◆ **Task prompt**: Look below for the line with "La pecora e l agnello" and the line with "Delmon Young". Copy exactly those two lines and every line between, but not the pictures.
_ _ _ _
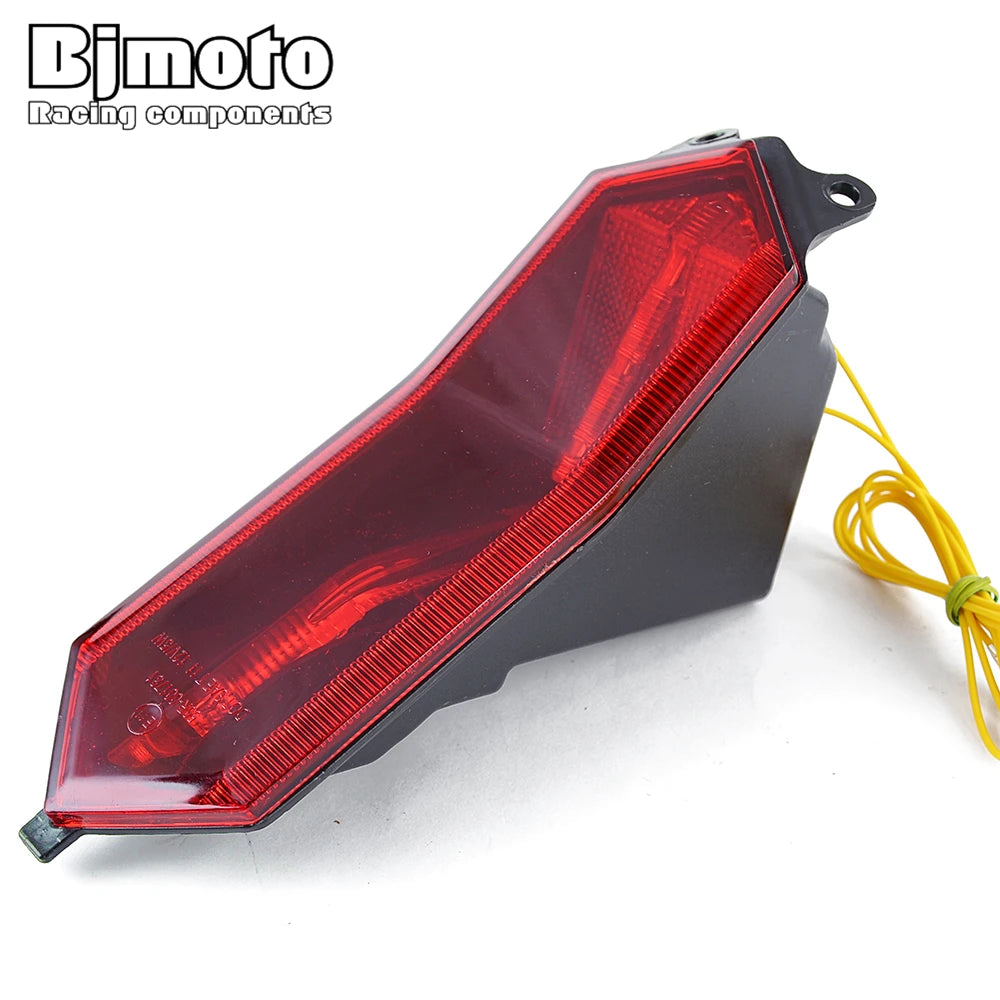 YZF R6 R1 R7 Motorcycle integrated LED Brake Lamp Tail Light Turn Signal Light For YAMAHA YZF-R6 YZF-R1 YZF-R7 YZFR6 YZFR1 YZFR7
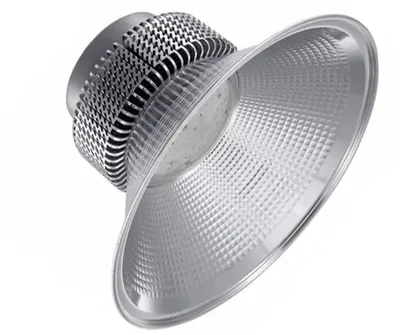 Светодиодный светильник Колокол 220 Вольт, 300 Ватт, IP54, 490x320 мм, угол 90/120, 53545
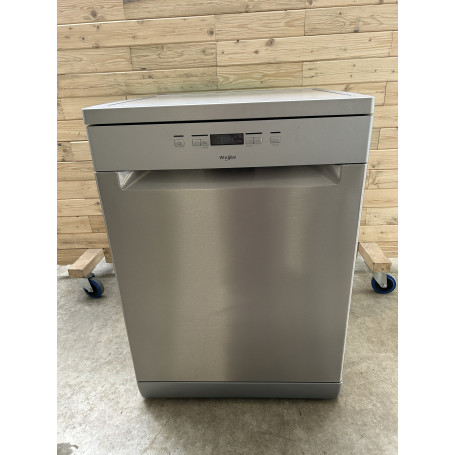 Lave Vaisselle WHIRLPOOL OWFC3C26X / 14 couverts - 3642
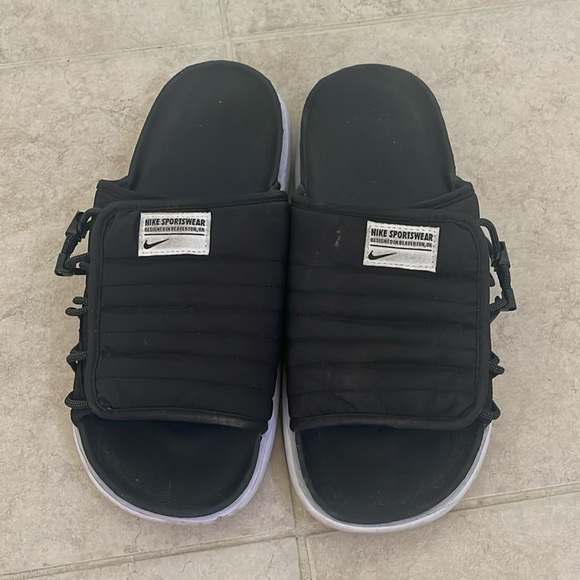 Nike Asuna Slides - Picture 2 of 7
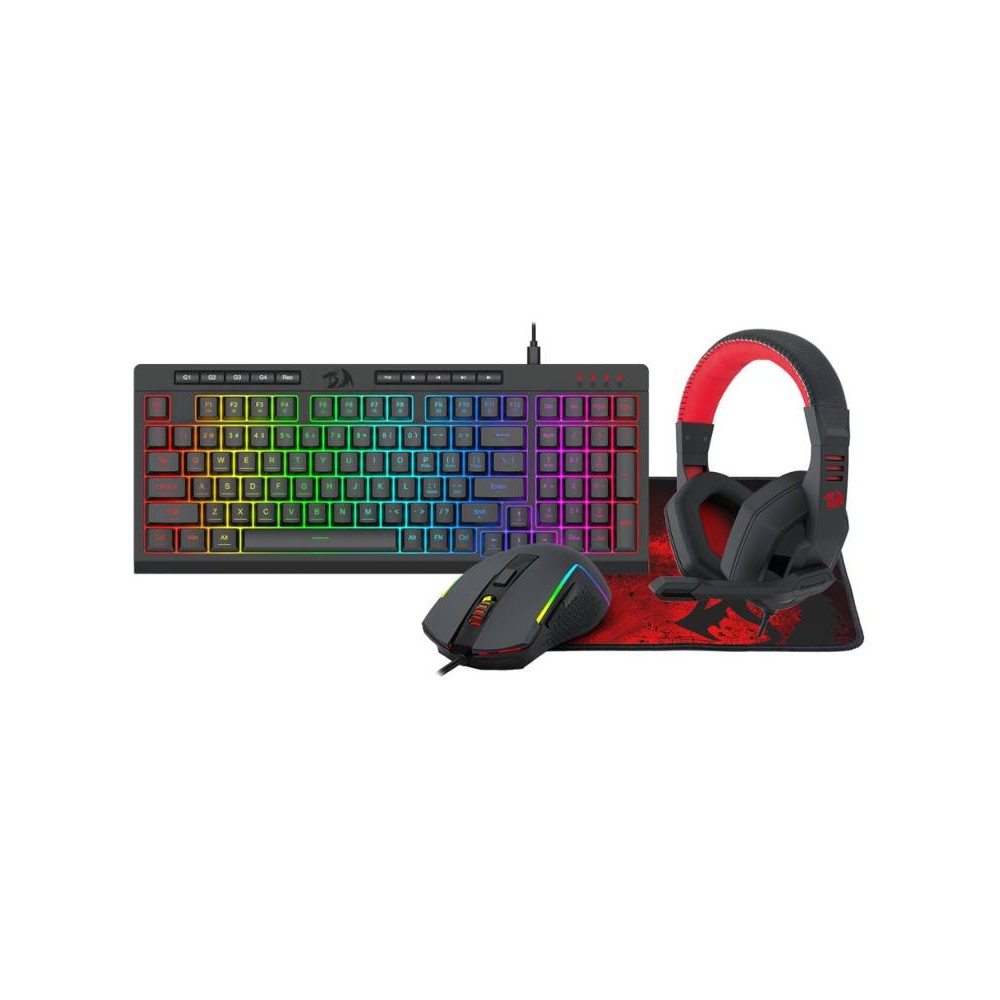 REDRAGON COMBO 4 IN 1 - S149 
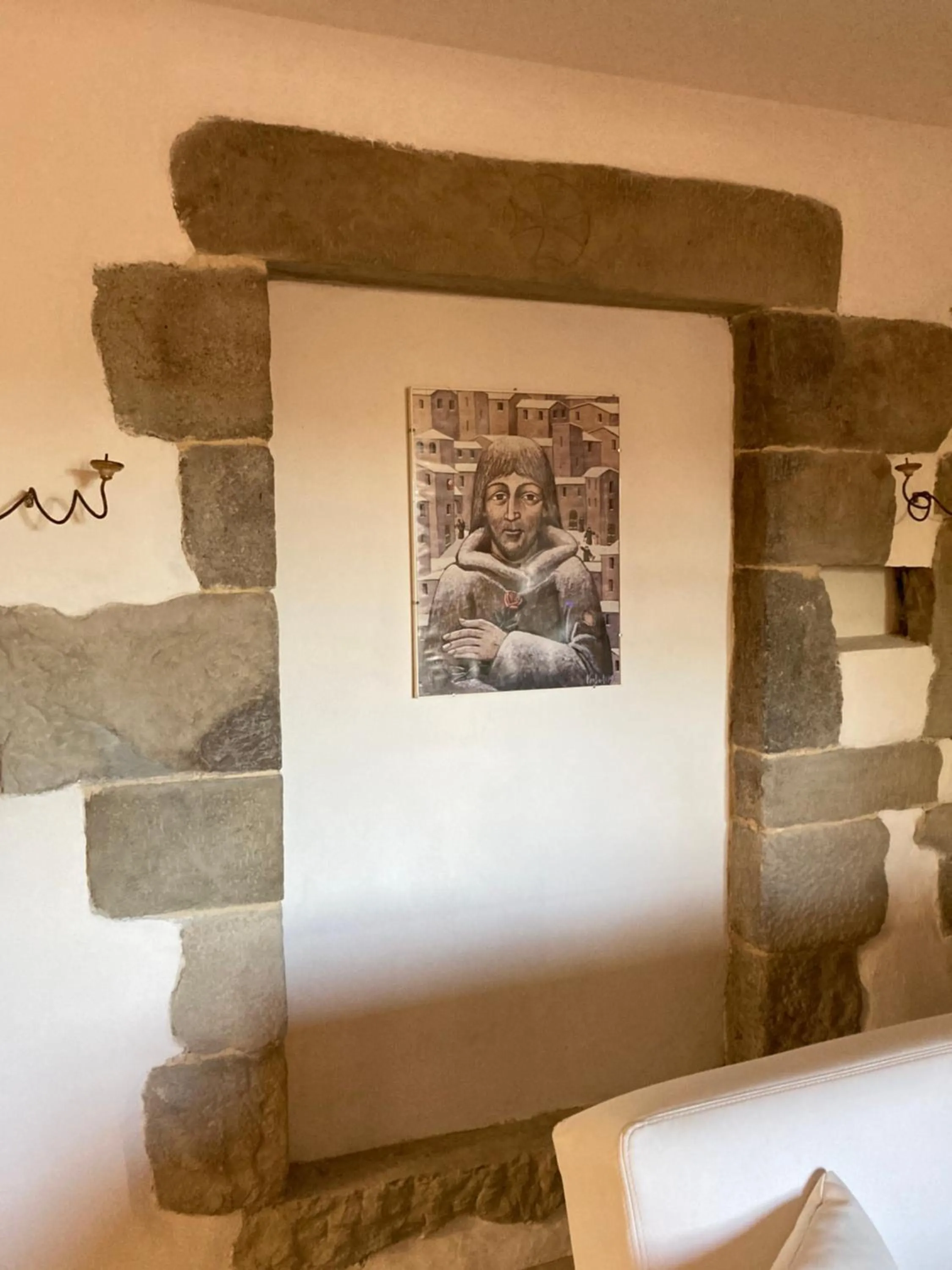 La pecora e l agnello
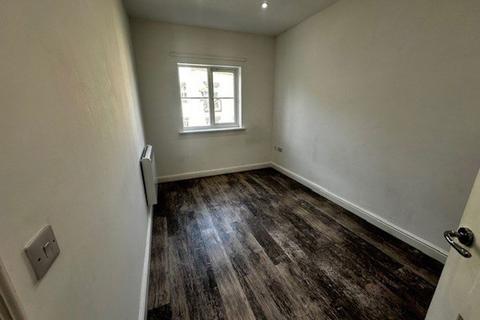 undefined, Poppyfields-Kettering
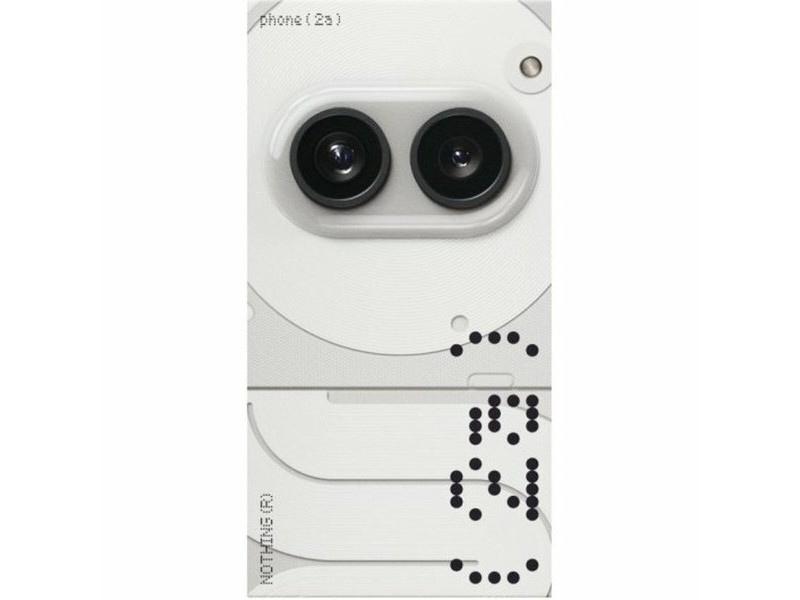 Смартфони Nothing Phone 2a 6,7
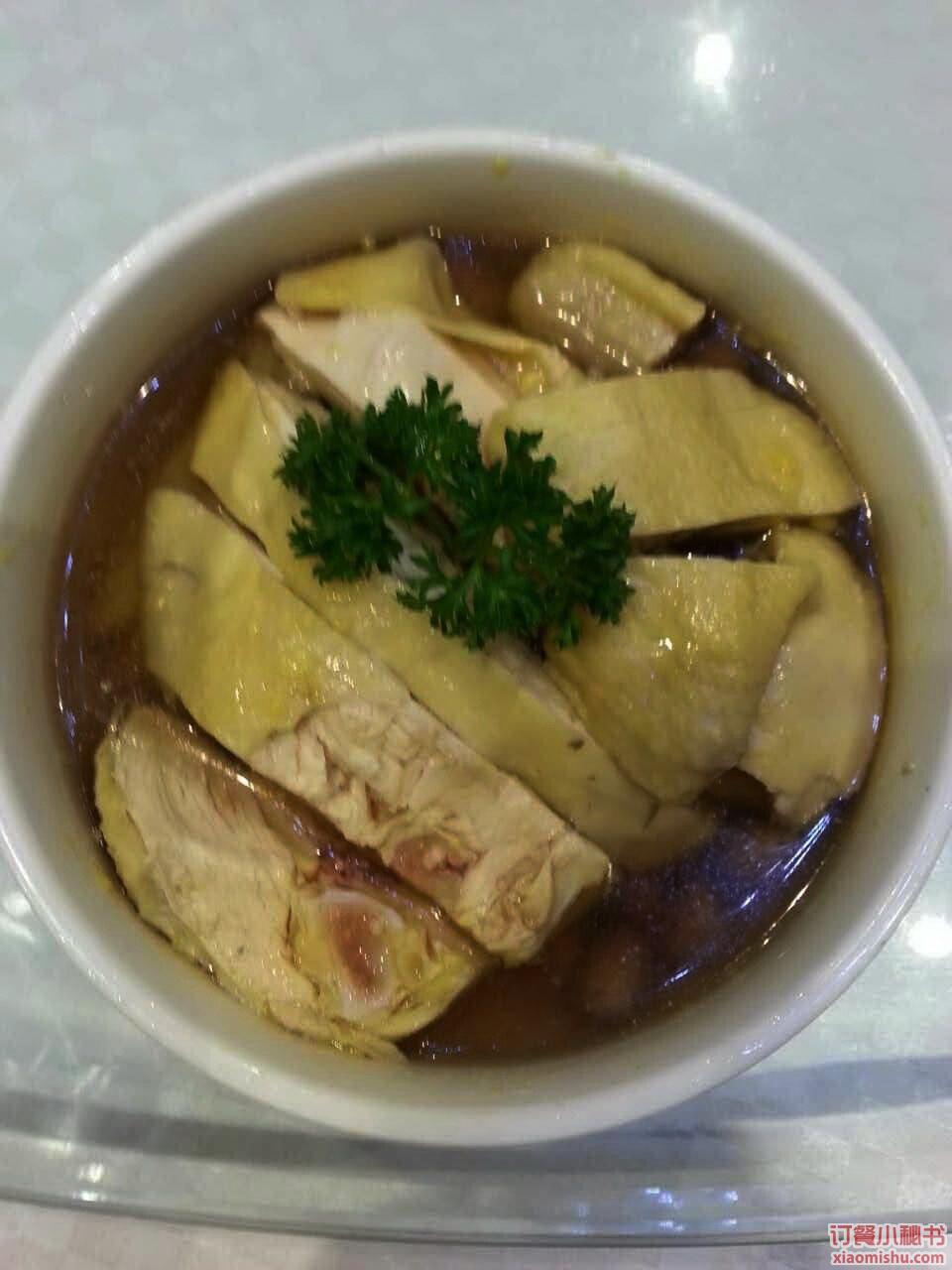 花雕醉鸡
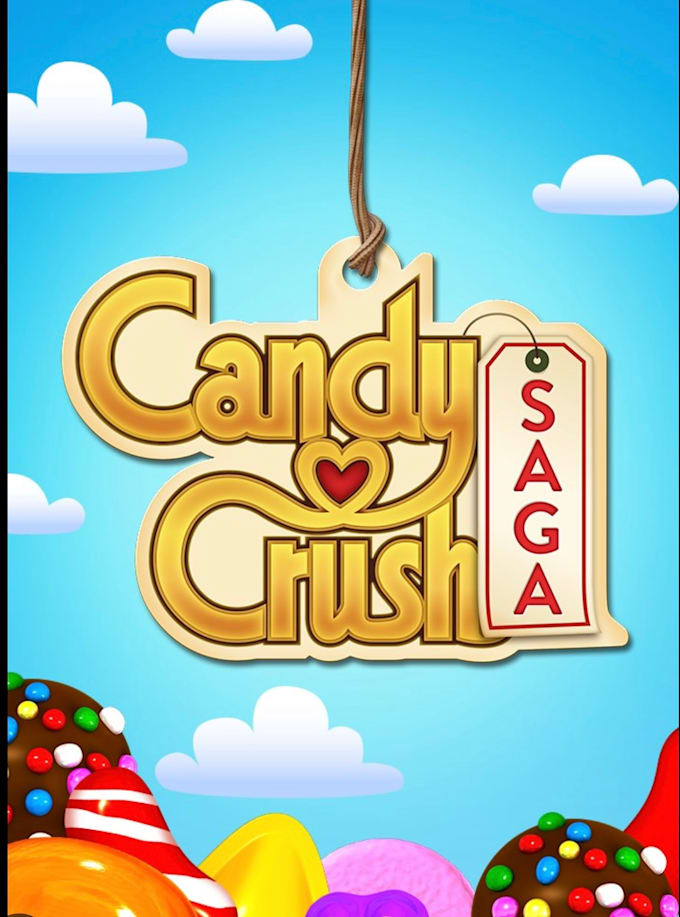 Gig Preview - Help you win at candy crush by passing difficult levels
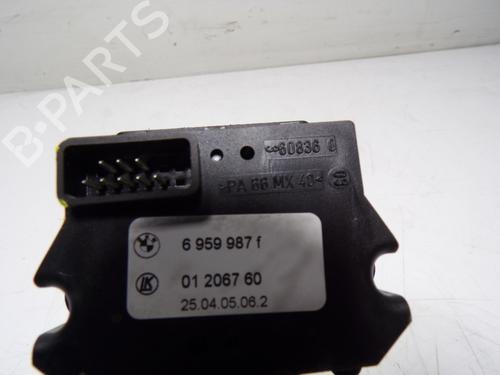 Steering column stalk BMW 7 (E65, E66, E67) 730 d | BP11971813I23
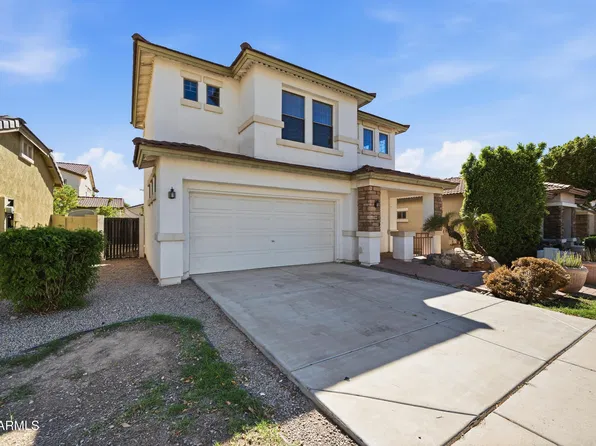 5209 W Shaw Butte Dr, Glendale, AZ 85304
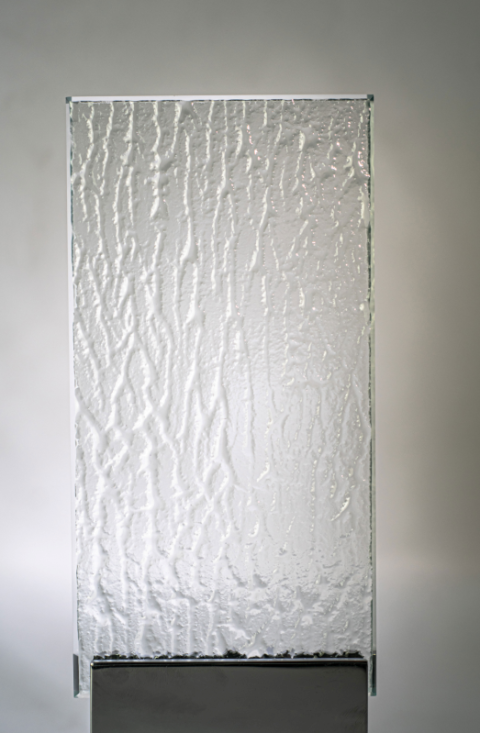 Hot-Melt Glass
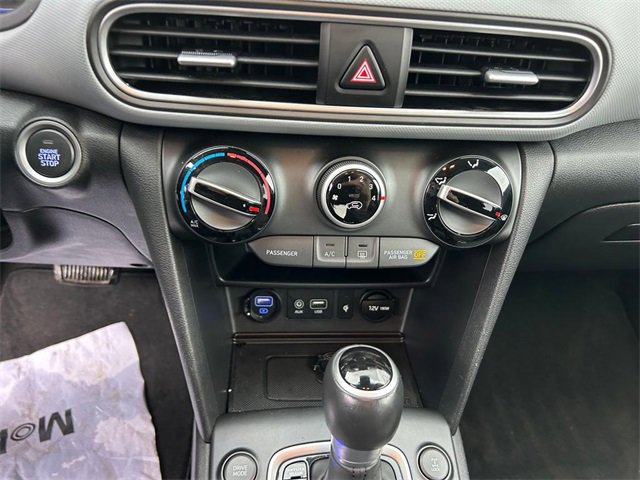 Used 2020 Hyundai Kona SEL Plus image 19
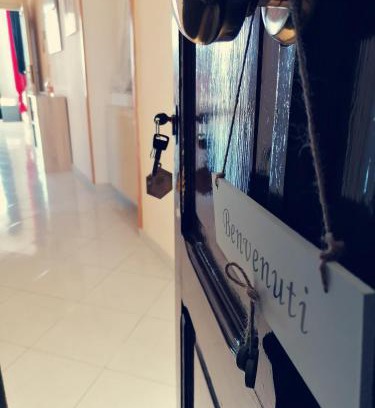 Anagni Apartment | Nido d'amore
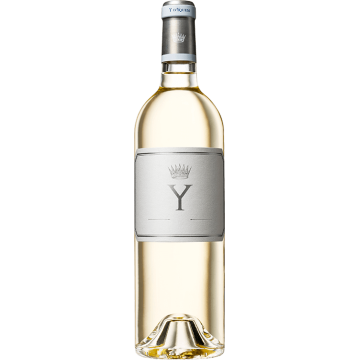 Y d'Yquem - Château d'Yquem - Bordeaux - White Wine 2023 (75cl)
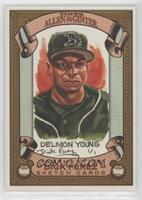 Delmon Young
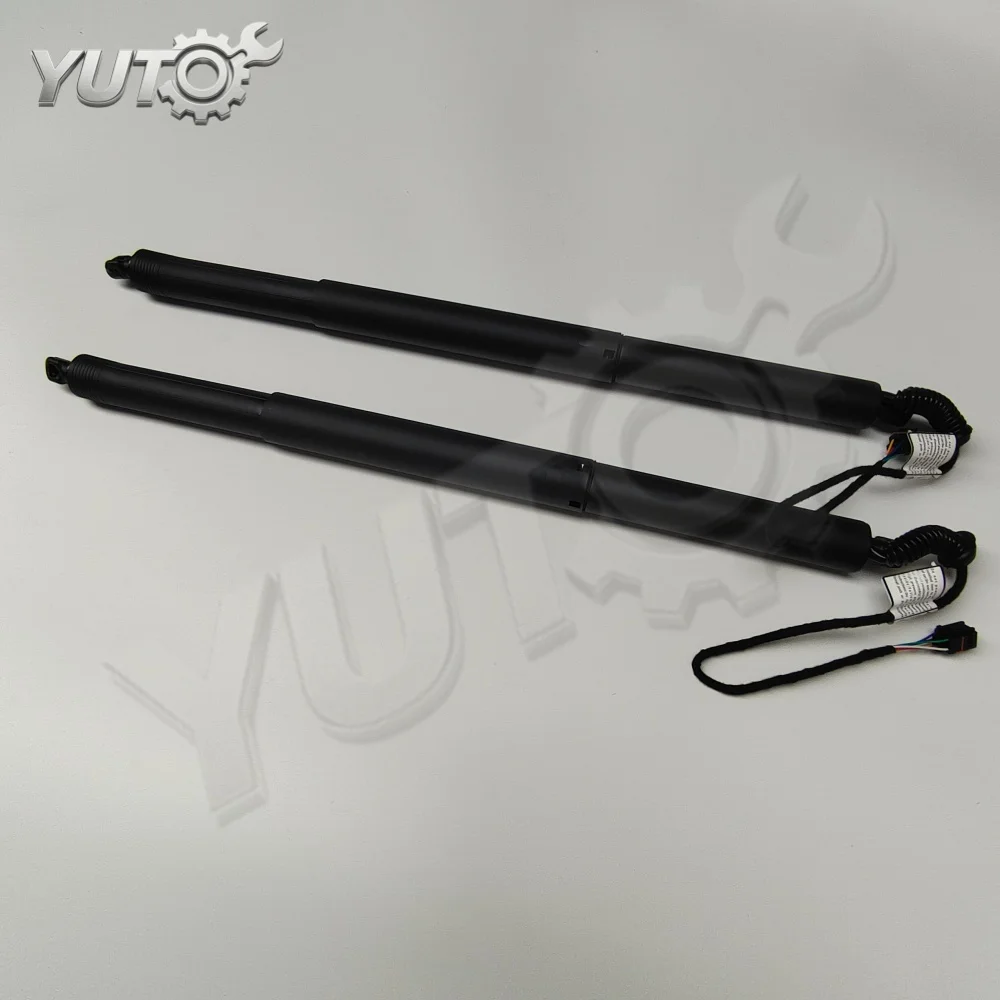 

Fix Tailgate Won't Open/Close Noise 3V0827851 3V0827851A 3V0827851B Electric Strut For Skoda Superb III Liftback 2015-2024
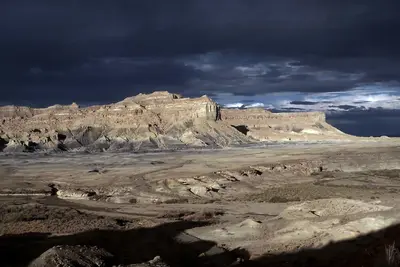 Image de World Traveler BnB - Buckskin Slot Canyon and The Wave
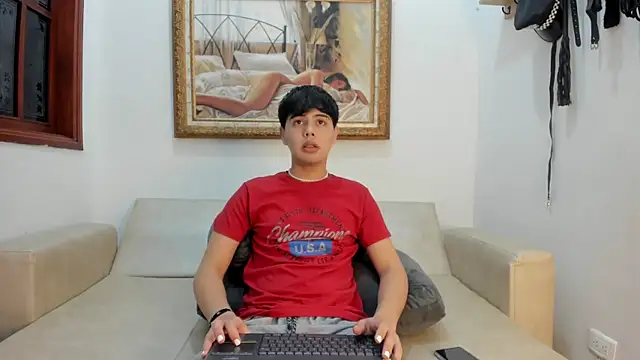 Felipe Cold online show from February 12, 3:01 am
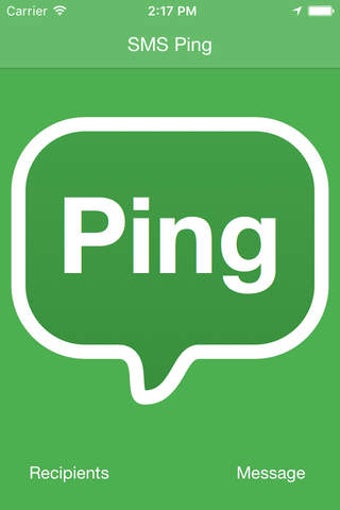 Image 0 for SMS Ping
_ _ _ _
◆ **Task response**:
 La pecora e l agnello
 undefined, Poppyfields-Kettering
 Смартфони Nothing Phone 2a 6,7
 花雕醉鸡
 Gig Preview - Help you win at candy crush by passing difficult levels
 Steering column stalk BMW 7 (E65, E66, E67) 730 d | BP11971813I23
 5209 W Shaw Butte Dr, Glendale, AZ 85304
 Hot-Melt Glass
 Used 2020 Hyundai Kona SEL Plus image 19
 Anagni Apartment | Nido d'amore
 Y d'Yquem - Château d'Yquem - Bordeaux - White Wine 2023 (75cl)
 Delmon Young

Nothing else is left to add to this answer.